My initial reaction--I'm not sure which of your categories I fell into--is based on the fact that numerous first/guest posters on this board and others are looking for an easy way out of a legal contract based on any number of reasons. Many are buyer's remorse, often admitted by the poster. While some may have valid complaints or issues, others simply believe they can unilaterally cancel a contract they deem unfair. 

As my post indicated: My advice is 'learn to use and love it' or take Denise's advice:



> Legit Options:
> 
> Offer the management company a deed back in lieu of foreclosure.
> Stop paying and go through foreclosure.
> Pay it off and give it away or sell it.
> 
> *You probably feel that you were lied to and mislead. Unfortunately, that is the nature of developer sales. DRI, and the other companies, know that a large number of buyers are going to be dissatisfied and want to bail out later. But letting owners bail out is not in the developer's/HOA's/management company's interest, so they hire a lot of smart lawyers to write iron clad contracts.
> 
> One of the statements in the iron clad contract says that ONLY the written info. in the contract is binding, and verbal statements and promises are not. That means that nothing the sales person said to you is legally binding.
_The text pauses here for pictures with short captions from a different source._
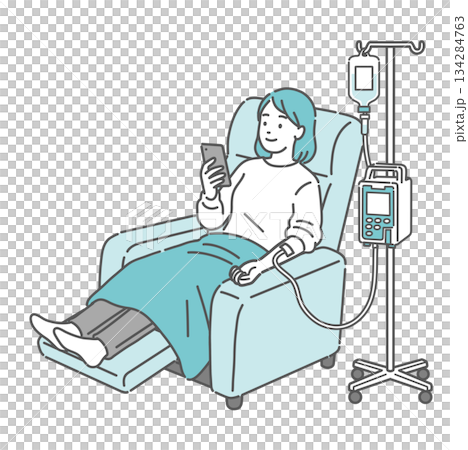 一名女子躺在躺椅上，一邊看著智慧型手機一邊接受靜脈輸液（門診化療，穿著休閒服，使用輸液幫浦） 134284763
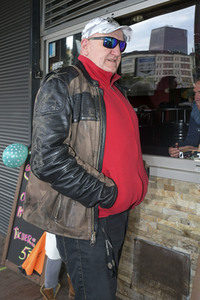 Eddy Kante unterwegs in Hamburg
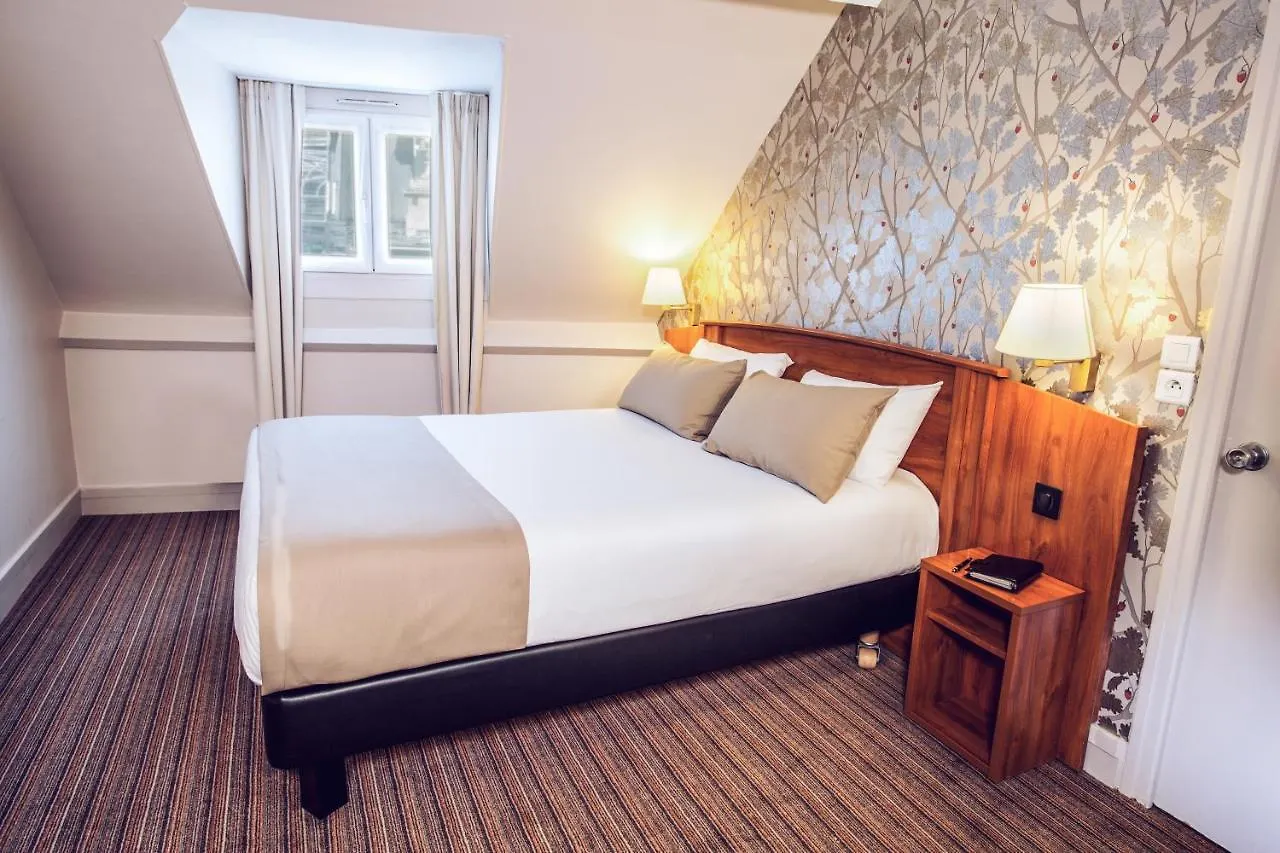 Timhotel Le Louvre Paryż Francja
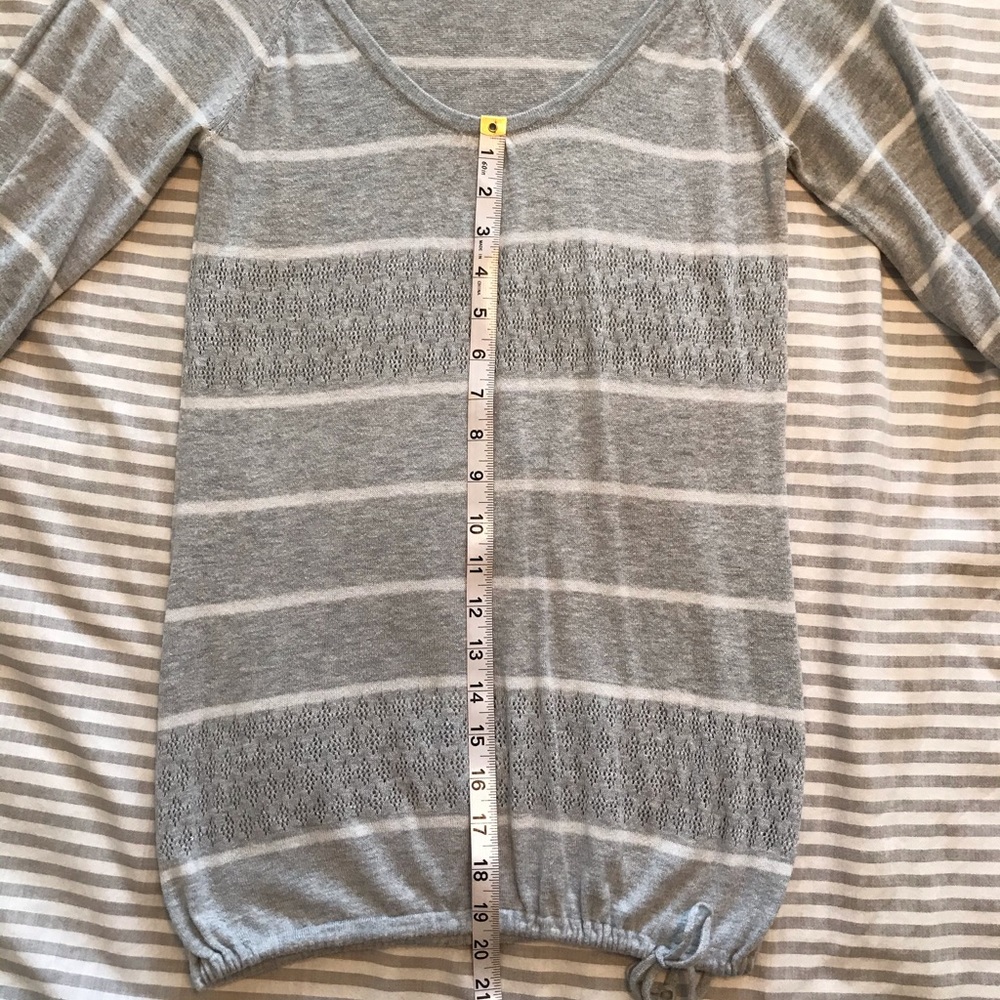 American Rag sweater top - Picture 5 of 7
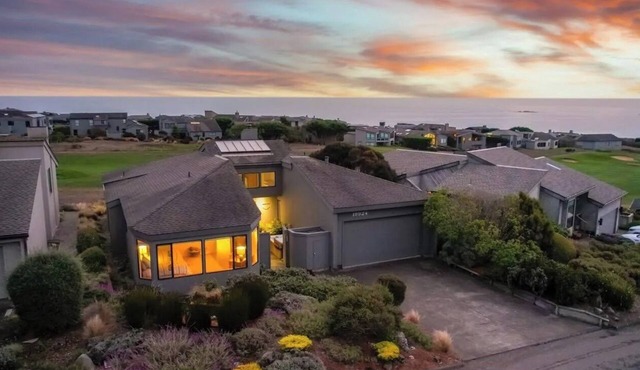 Pacific Flyaway! Ocean View, Fireplace, Golf Course, Walk to Beach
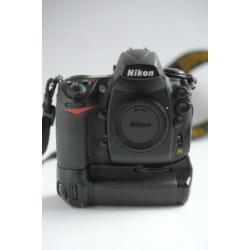 Nikon D700 fullframe body + MB-D10 grip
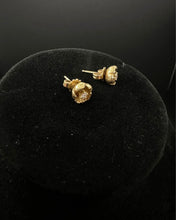 14k gold flower stud diamond earrings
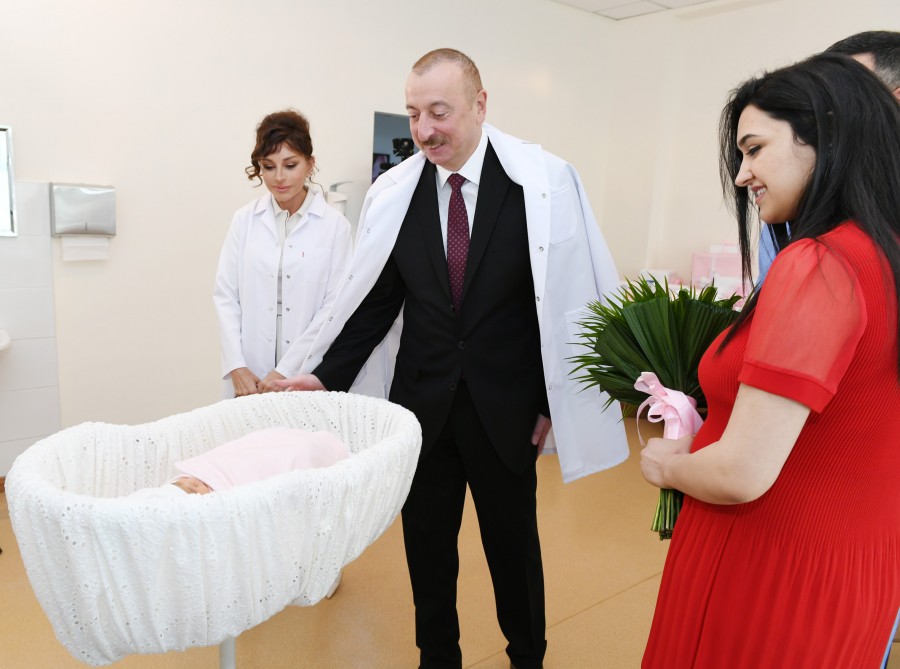 Ильхам и Мехрибан Алиевы встретились с родителями 10-миллионного жителя Азербайджана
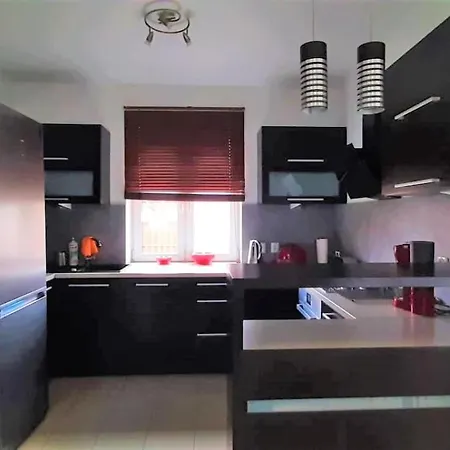 House Between Cracow And 度假居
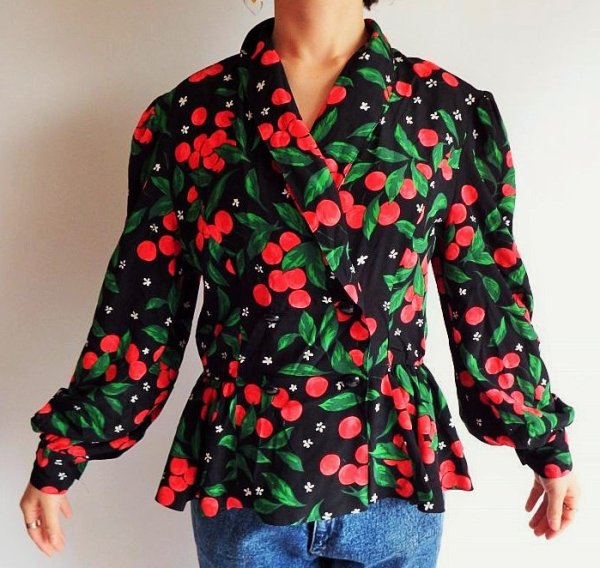 画像4: KIMIJIMAブランドのさくらんぼブラウス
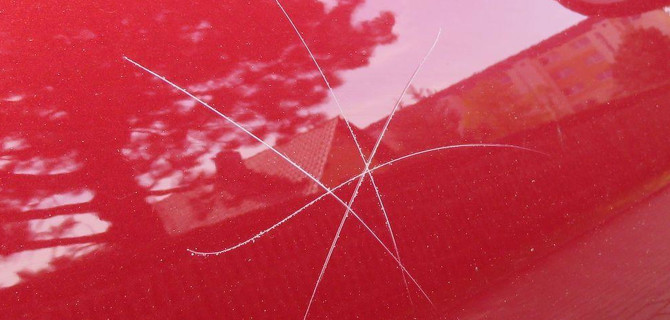 Немецкая полиция неделю выслеживала 7-летнюю девочку, рисовавшую снежинки на автомобилях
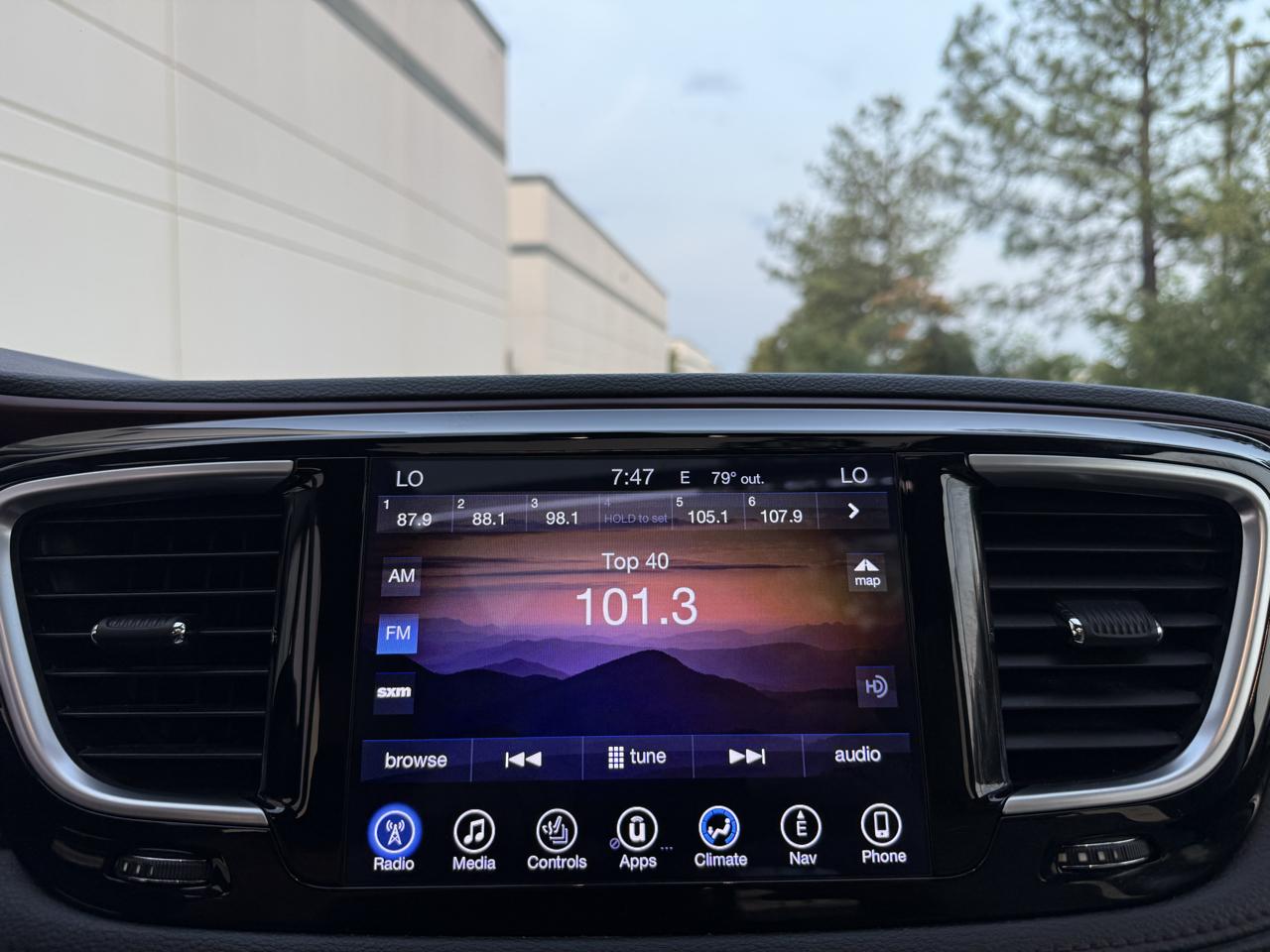 Chrysler Pacifica Limited FWD 2017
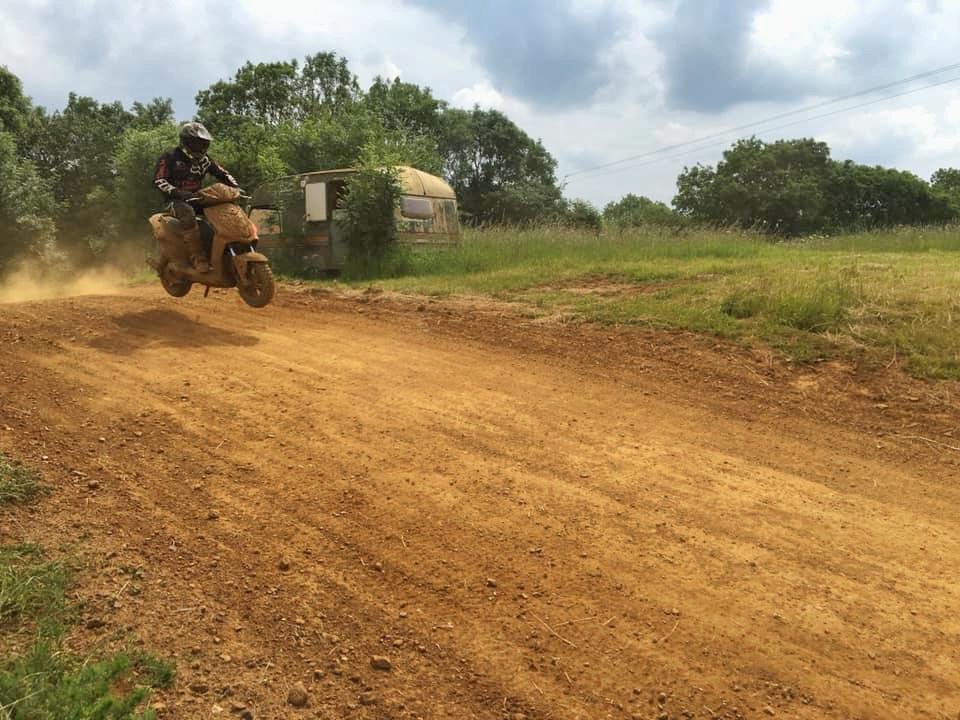 KymcoUK's tweet photo. #Throwback to #MopedMayhem.Our riders and scooter managed to finish 1st in class over a 4 hour endurance race. The scooter shown is standard and road registered! 
Looking for your next reliable vehicle, head over to https://t.co/L3djtIHO7G to see the range.
#KYMCO #KYMCOUK https://t.co/jhxbwQEN4q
Your post which raised my hackles (and several others I suspect) is:



> There are many ways to rescind a timeshare contract but there is a specific process the buyer has to follow. I would be happy to produce a "guide" if you are willing to post it here where visitors will be able to find it.


 I'm sorry if I thought 'ill' of you, but the quote above could be a snippet from any of a dozen 'paid timeshare disposal' websites. If it doesn't strike you that way, it should. So, I'll provide some constructive advise that might help you..... (as you seem to have posted on many websites, blogs and chats about this same issue):

The post you made on other sites: 


> *Diamond Resorts International Review: Questionable charges on contract*
> 
> Last Updated On: March 8, 2016
> Filed On: March 8, 2016
> By: Susan Harbison
> Rating: *1* out of *5*
> *Reported Customer Loss = **$22,000.00*
> 
> 
> Purchased a DRI membership in 2013. Recently discovered a number of what appear to be discrepancies in the way I was charged for the membership. I contacted DRI via certified mail to ask for explanations.
> They wrote back that they’ve answered questions from me before and they consider my case closed.
> But they have never answered the RECENT questions about the closing costs I’ve been charged or the unauthorized charges for a charitable donation that they put on all of my assessment bills





> @Amanda...You seem to think DRI's contract is unbreakable. That is not necessarily correct.
> There is a class action forming (I'm only a class member not the leader) and if you would like more information please contact me.  [DELETED]
> Please put DRI in your subject line.
> Regards, Susan
> Last edit by susanb1439 on Feb 25, 2016 06:14 PM.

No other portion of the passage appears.